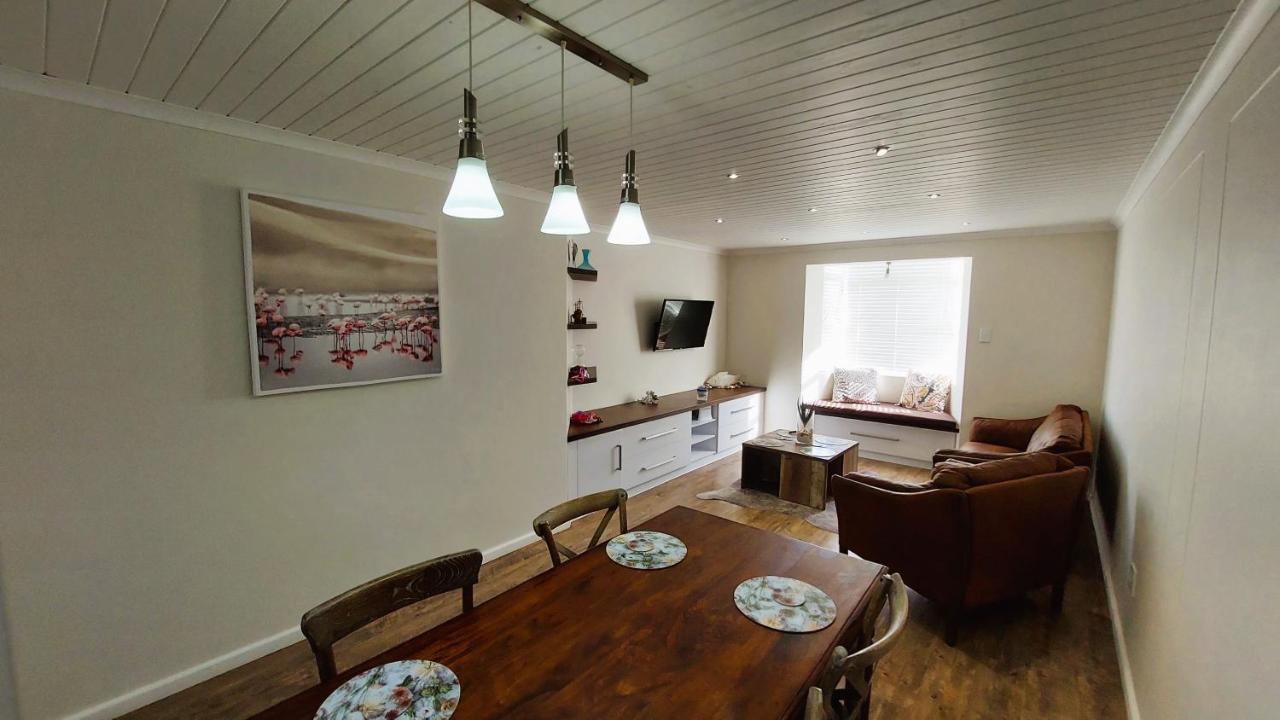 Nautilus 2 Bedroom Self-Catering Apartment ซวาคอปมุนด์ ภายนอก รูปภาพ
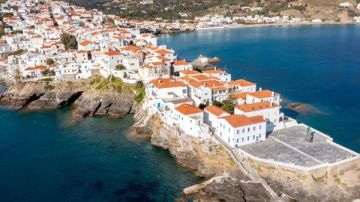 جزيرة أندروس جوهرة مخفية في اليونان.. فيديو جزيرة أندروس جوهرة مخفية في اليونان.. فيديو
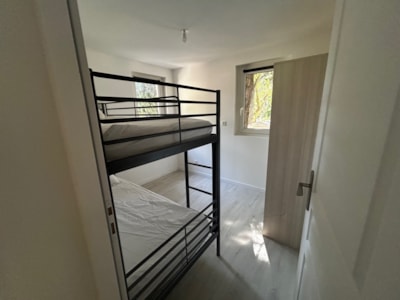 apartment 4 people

> [What to produce]: Would you repeat the listing above exactly, minus the images?

> [Result]:
 Nautilus 2 Bedroom Self-Catering Apartment ซวาคอปมุนด์ ภายนอก รูปภาพ
 جزيرة أندروس جوهرة مخفية في اليونان.. فيديو جزيرة أندروس جوهرة مخفية في اليونان.. فيديو
 apartment 4 people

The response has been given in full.